To our knowledge, this is the first study to examine levels of participation in SDM for children with ADHD and asthma by using a national sample. We found that 66% of households of children overall and 65% of those with a child with ADHD or asthma reported high participation in SDM. The closest parallel to this analysis is work done with the National Survey of Children With Special Health Care Needs (NS-CSHCN). Findings from that survey have indicated that 57% of families of children with special health care needs partner in decision-making and are satisfied with the health care they receive31
and that half of children with autism receive all aspects of family-centered care, a construct that partially overlaps SDM.32
Results from the direct observation of pediatric visits are similar. Discussion of alternatives, risks, and benefits at pediatric acute visits occurred at 58%, 54%, and 69%, respectively, of visits with pediatricians or family practitioners.33
Variability in results between these studies likely reflects differences in the outcomes assessed, their measurement, and the specific study population. Because previous work in pediatrics has revealed that parents want to be involved in treatment decisions, and this involvement may affect both parent satisfaction and the outcomes of care,17,18,34,35
additional work is needed nationally to maximize the involvement of families in decision-making.
This work may be best targeted toward families of the most impaired children. For both ADHD and asthma, we found that significantly fewer families of children with impaired general health or behavioral health had high SDM, and gaps as great as 12.9% were found. Differences of this magnitude were also observed in the National Survey of Children With Special Health Care Needs.31
These gaps may have arisen because families of more severely affected children need increased support with decision-making. Although the American Academy of Pediatrics has emphasized the importance of family-centered care and information-sharing as part of care coordination for children with special health care needs, financial and other barriers to meeting these needs persist and may be reflected in our results.36,37
Our findings underscore the importance of developing feasible approaches to support SDM within the medical home.
Our most striking result is the dramatic impact of open telephone communication on reported SDM. We hypothesized that access to care would be strongly associated with SDM. However, we did not expect to find that telephone communication was much more strongly linked to SDM than the level of difficulty in getting to the usual source of care.
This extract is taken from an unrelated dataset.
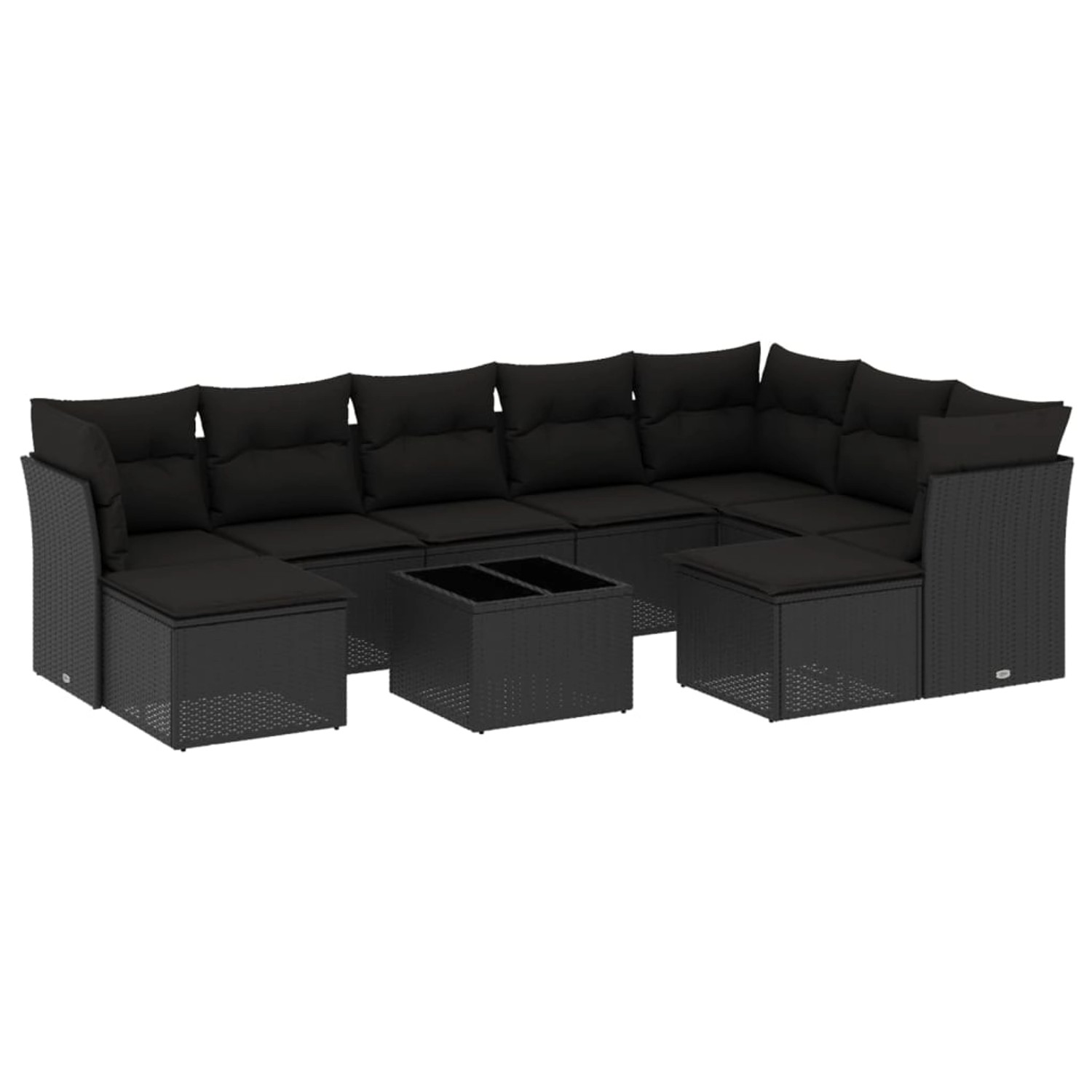 vidaXL 10-tlg Garten-Sofagarnitur mit Kissen Schwarz Poly Rattan Modell 61 günstig online kaufen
For both ADHD and asthma and adjusting for all factors considered, including challenges in reaching the office, families with difficulties contacting their usual source of care by telephone were at least 25.8% less likely to have high SDM than those without difficulty. Because most studies of communication have centered on the clinical encounter, the importance of contact outside of office visits specifically to ongoing SDM has not been reported previously in pediatrics.
These findings, if replicated elsewhere, would lend support for more widespread and simplified reimbursement for telephone care for children with chronic illness, which is a priority of the American Academy of Pediatrics that should improve access to clinicians.38
In addition, although our study addressed telephone communication, the results also may support a broader evaluation of tools to enhance communication. For example, e-mail is an increasingly popular, effective, efficient, and well-accepted approach to information exchange in pediatrics; however, its impact on the decision-making process for children with chronic illness remains poorly understood.39–41
The same holds true for patient portals tied to electronic health records, which are tools that have attracted increased attention and are capable of supporting decision-making.
We found no association between demographic characteristics and participation in SDM. Although racial discordance between clinicians and patients has been associated with physician-patient interaction in the adult setting,42
race, as in our study, was not found to be an important factor in a study specifically focused on children’s primary health care.42,43
The impact of socioeconomic status, including parental education and the child’s insurance coverage, on participation in SDM was likely blunted by the requirement that everyone in our study population had a usual source of care. Less than 3% of the study population with asthma or ADHD had no health insurance. Corresponding with our results, the results of previous research across adult health settings have also suggested that the clinical context may be more important than the educational attainment of parents in determining who actively participates in health care.44
Because previous studies have been limited to examining SDM in the context of office visits and in specific practice settings, this study was designed to characterize patterns of SDM and factors associated with SDM in a nationally representative sample of children with ADHD or asthma. Additional strengths of this study included multiple items within the MEPS that correspond to the most widely accepted conceptualization of SDM.1
To address the absence of a validated measure of SDM in the MEPS, we implemented latent class analysis to rigorously identify and match children to distinct patterns of SDM on the basis of responses to available items. Although these items correspond to the 4 components of SDM, additional items exploring whether providers elicited families’ preferences, concerns, and information needs may have allowed us to better characterize patterns of SDM. In our analysis, we considered responses along a spectrum of low to high SDM. However, we were unable to formally distinguish whether the clinician, patient/family, or both ultimately made decisions. In addition, although data on clinician characteristics would have been helpful in studying SDM,45
we were unable to include these factors because most households did not identify a single clinician as the medical provider for the child. Although results were consistent with those from the direct observation of pediatric visits, we considered reported as opposed to observed SDM. As a result, although parents reported on whether clinicians presented all options, we could not verify how many treatment options were presented. Finally, because we conducted a cross-sectional study, we were able to show associations but not causality.